Prosegue il braccio di ferro tra governo e sindacati sul rinnovo dei contratti degli statali. Sono 8.000 gli esuberi nelle Province.




Tutto ruota attorno a quei 300 milioni di euro che il governo Renzi è pronto a mettere sul tavolo delle trattative per il rinnovo del contratto degli statali. Come spiegato dal ministro per la Funzione Pubblica, Marianna Madia, la somma sarà destinata ai soli dipendenti degli uffici centrali, compresi forze di polizia e vigili del fuoco, e non a quelli degli uffici periferici. Troppo poco, secondo i sindacati, che hanno già iniziato le operazione per una manifestazione del pubblico impiego. Le organizzazioni sindacali hanno calcolato un aumento medio di circa 10 euro lordi al mese, a fronte della richiesta di un aumento medio di 150 euro in busta paga.

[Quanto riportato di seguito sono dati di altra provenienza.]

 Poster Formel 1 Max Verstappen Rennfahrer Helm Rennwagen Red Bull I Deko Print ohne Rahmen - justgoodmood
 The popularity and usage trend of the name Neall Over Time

Restituita al mittente anche la proposta di differenziare gli aumenti e di non dare seguito alla sentenza dell'Alta Corte in maniera indistinta. In parallelo prosegue la riorganizzazione delle Province che dovrebbe portare a 8.000 dipendenti in esubero, la metà dei qualità dovrebbero essere assorbiti dai tribunali. Tutti i nomi saranno comunque inseriti nel portale nazionale della mobilità in attesa delle listi dei posti disponibili in Comuni, Regioni, Stato, così da poter presentare domanda di mobilità volontaria.

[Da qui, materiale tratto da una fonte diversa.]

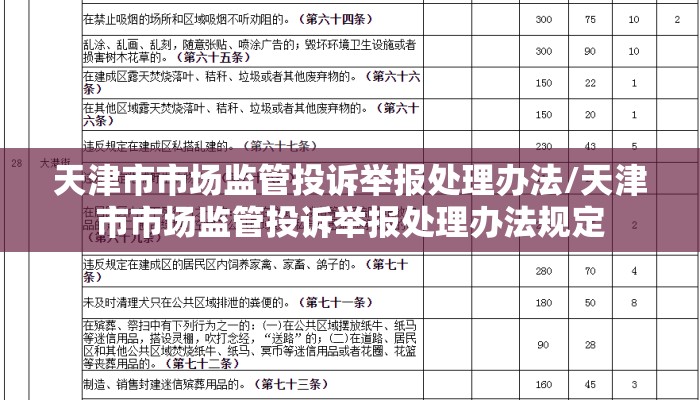 天津市市场监管投诉举报处理办法/天津市市场监管投诉举报处理办法规定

A rendere la situazione del comparto pubblico italiano ancora più incandescente ci sono i dati diffusi nel corso della settimana dal sindacato Dirpubblica, lo stesso che con i suoi ricorsi ha ottenuto la sentenza dell'Alta Corte che ha dichiarato illegittimi i dirigenti assunti senza concorso. Negli ultimi 15 anni la sola Agenzia delle Entrate ha bandito tre selezioni per posizioni dirigenziali con le quali ha messo a concorso 878 posti. Nessuna di queste, tuttavia, è arrivata a buon fine, tutte sono state sospese o annullate dai tribunali amministrativi. La prima selezione per 300 posti è stata annullata nel 2002 dal Tar del Lazio. Quella per 175 posti, bandita nel 2010, è stata annullata in parte dal Consiglio di Stato. Su quella per 403 posti bandita nel 2014, infine, la decisione definitiva sarà nel mese di novembre.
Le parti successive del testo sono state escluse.